» **WHAT IS BEING ASKED**
Using the records that appear below, write out exactly the lines from the one with "The application mapping" through the one with "MagGrip Pro Ratchet Screwdriver Set", keeping both end lines.

----------

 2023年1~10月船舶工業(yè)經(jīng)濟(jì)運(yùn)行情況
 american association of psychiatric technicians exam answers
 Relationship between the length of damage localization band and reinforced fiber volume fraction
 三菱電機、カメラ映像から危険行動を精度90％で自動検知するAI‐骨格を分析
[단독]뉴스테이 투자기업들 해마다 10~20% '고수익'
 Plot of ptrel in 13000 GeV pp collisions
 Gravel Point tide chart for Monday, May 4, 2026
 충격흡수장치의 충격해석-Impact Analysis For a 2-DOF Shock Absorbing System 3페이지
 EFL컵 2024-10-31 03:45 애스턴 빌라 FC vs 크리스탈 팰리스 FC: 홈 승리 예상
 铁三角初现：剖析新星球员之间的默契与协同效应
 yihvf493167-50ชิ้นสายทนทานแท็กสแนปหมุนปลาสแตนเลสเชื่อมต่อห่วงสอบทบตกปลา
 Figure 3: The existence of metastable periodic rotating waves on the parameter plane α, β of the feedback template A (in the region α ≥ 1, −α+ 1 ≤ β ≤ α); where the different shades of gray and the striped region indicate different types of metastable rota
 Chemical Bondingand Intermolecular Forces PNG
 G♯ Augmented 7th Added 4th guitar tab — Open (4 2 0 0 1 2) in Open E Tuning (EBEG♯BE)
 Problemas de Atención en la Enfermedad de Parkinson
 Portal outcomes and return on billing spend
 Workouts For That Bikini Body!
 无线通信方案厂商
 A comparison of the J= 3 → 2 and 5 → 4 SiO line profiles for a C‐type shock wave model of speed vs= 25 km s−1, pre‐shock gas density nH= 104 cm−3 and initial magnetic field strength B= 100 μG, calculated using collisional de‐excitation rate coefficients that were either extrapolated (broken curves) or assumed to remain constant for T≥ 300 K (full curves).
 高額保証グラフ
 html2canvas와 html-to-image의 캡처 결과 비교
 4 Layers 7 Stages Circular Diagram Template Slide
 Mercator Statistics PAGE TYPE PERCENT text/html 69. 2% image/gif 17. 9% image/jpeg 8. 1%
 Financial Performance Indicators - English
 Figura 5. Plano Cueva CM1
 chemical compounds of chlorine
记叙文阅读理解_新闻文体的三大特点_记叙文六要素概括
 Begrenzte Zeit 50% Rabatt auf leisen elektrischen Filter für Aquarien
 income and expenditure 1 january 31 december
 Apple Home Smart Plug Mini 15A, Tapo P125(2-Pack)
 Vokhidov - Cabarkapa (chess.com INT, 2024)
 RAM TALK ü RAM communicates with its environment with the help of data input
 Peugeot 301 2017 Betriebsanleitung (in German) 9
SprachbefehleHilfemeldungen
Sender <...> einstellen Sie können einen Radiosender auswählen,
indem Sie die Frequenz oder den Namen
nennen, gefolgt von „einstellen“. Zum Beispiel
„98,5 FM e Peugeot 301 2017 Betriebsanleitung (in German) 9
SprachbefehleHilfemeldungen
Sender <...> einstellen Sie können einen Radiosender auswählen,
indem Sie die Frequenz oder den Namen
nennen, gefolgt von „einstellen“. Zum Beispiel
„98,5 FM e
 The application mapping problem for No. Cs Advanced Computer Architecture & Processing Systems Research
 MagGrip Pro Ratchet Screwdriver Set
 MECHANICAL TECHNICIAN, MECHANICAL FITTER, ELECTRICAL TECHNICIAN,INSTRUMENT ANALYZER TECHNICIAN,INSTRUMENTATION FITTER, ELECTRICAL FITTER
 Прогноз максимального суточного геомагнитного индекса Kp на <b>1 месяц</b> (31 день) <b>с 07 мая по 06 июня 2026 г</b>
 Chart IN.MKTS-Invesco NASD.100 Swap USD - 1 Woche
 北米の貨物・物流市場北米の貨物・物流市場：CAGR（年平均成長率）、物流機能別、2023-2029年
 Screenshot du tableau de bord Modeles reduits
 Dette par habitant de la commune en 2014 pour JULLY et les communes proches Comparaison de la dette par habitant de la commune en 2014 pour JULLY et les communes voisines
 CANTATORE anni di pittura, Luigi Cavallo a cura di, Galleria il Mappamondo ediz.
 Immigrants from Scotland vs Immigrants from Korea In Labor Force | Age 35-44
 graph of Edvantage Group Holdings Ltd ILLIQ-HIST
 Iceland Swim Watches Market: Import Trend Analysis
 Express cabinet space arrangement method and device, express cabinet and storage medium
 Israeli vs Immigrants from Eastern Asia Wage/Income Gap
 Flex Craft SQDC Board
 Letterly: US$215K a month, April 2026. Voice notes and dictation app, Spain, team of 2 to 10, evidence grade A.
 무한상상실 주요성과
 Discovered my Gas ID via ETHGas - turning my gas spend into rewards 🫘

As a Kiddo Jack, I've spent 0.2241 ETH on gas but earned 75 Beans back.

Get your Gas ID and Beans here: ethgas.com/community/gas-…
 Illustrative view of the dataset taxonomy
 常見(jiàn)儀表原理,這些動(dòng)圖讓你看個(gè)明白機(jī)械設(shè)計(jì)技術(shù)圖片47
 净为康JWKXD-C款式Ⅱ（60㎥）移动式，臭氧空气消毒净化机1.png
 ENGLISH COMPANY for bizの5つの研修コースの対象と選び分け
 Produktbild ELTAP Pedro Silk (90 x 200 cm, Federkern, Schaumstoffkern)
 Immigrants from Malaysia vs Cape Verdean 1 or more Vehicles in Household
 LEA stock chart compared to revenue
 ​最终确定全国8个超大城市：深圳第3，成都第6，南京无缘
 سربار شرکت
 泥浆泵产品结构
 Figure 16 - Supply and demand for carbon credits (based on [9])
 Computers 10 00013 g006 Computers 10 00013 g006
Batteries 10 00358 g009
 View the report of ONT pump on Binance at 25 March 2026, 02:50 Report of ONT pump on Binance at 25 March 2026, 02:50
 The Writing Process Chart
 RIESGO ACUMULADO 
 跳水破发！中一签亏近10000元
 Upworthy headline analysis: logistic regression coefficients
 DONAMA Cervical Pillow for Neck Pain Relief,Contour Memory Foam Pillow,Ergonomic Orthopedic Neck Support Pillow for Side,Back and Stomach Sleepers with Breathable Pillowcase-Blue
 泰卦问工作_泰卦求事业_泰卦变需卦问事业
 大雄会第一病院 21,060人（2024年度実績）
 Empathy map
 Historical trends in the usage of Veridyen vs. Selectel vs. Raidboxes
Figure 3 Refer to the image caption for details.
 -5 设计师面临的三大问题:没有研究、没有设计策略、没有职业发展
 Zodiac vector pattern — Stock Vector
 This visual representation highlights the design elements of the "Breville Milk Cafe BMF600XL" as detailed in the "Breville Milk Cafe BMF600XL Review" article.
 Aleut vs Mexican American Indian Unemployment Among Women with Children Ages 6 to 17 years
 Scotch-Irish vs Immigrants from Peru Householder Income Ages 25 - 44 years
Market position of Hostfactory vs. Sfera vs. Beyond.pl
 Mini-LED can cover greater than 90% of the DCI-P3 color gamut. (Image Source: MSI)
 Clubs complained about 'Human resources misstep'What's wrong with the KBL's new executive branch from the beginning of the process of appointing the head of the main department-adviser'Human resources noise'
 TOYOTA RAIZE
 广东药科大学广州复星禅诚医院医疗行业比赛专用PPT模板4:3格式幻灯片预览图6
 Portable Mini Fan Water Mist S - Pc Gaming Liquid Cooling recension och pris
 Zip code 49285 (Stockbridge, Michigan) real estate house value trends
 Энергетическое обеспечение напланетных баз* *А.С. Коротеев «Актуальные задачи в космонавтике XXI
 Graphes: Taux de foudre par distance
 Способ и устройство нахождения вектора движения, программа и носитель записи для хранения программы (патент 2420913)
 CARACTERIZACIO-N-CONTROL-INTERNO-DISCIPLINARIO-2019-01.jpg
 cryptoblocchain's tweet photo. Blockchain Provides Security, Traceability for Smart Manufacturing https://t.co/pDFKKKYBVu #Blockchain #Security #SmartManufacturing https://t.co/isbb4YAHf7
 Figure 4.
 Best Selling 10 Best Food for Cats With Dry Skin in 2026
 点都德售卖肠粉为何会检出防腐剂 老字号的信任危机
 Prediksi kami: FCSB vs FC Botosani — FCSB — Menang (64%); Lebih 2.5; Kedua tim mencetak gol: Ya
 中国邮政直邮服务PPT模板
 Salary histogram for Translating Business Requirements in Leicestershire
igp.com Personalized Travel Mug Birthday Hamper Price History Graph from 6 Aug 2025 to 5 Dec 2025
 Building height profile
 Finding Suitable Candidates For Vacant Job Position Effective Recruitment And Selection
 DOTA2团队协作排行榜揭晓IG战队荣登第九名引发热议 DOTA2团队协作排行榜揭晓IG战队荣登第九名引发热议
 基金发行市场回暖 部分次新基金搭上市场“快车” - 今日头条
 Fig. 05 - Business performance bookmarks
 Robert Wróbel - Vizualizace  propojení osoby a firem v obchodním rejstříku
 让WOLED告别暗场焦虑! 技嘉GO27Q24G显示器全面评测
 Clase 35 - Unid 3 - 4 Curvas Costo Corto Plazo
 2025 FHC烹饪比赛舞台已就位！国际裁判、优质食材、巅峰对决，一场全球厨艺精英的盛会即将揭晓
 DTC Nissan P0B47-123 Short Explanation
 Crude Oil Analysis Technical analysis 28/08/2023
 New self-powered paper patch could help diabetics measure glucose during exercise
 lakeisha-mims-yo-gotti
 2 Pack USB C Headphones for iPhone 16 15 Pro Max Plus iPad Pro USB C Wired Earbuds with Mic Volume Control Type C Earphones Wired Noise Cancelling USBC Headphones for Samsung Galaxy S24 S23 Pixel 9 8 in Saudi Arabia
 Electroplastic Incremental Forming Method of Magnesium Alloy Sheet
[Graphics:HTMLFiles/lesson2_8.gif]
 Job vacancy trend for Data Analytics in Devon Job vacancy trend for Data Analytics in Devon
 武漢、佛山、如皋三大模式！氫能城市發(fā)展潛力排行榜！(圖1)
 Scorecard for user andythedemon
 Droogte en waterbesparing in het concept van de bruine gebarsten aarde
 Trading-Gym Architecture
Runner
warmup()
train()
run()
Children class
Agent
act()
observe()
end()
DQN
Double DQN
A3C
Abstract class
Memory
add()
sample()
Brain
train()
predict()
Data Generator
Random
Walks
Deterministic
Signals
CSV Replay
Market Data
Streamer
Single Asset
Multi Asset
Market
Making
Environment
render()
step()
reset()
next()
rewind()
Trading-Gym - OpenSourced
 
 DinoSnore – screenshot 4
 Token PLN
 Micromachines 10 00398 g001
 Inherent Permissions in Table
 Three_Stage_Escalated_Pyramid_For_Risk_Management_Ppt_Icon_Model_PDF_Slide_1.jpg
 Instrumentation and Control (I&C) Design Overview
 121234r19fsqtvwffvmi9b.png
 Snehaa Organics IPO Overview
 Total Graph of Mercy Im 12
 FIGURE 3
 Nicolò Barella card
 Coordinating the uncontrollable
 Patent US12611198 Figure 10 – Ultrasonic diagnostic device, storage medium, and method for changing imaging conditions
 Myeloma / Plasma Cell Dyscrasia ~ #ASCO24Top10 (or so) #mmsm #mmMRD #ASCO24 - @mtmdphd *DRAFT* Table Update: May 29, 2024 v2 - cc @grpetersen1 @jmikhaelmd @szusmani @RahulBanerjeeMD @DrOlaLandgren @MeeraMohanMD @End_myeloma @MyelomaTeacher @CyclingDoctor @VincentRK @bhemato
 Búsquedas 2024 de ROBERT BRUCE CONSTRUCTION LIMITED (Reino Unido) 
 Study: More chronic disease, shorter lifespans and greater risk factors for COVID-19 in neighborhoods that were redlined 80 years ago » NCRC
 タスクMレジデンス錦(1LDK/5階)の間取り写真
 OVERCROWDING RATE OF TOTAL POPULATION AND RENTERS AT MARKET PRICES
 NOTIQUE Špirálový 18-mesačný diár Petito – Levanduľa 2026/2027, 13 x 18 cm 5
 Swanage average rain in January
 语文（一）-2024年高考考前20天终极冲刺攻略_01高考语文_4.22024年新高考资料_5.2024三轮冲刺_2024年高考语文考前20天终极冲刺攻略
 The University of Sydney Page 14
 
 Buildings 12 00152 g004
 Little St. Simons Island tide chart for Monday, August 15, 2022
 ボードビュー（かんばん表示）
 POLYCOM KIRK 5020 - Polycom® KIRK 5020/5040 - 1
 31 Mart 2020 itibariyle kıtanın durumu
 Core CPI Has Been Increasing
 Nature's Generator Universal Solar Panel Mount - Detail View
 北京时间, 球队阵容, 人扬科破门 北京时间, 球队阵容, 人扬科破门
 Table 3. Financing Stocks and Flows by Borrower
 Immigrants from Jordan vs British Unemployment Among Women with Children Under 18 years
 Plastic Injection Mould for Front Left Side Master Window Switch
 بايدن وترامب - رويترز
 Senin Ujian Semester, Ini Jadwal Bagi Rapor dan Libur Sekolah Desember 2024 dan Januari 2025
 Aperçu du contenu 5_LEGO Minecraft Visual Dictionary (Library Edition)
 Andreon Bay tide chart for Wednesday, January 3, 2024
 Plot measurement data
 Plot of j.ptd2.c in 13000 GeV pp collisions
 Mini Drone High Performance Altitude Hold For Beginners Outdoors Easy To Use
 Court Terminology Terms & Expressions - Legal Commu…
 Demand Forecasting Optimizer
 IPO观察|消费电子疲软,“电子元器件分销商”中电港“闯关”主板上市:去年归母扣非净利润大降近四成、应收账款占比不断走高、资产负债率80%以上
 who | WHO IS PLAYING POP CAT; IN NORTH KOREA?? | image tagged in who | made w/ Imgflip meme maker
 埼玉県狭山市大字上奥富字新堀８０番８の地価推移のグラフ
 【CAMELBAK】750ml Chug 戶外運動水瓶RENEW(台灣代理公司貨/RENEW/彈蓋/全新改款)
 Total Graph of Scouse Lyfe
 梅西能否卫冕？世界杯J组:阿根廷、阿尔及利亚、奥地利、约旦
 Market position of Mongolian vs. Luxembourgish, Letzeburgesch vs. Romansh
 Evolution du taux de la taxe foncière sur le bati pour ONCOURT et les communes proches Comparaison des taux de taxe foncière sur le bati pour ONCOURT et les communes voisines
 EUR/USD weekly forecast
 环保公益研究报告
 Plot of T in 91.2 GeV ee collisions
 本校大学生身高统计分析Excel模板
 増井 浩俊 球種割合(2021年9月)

----------

» **PROBLEM SOLUTION**
 The application mapping problem for No. Cs Advanced Computer Architecture & Processing Systems Research
 MagGrip Pro Ratchet Screwdriver Set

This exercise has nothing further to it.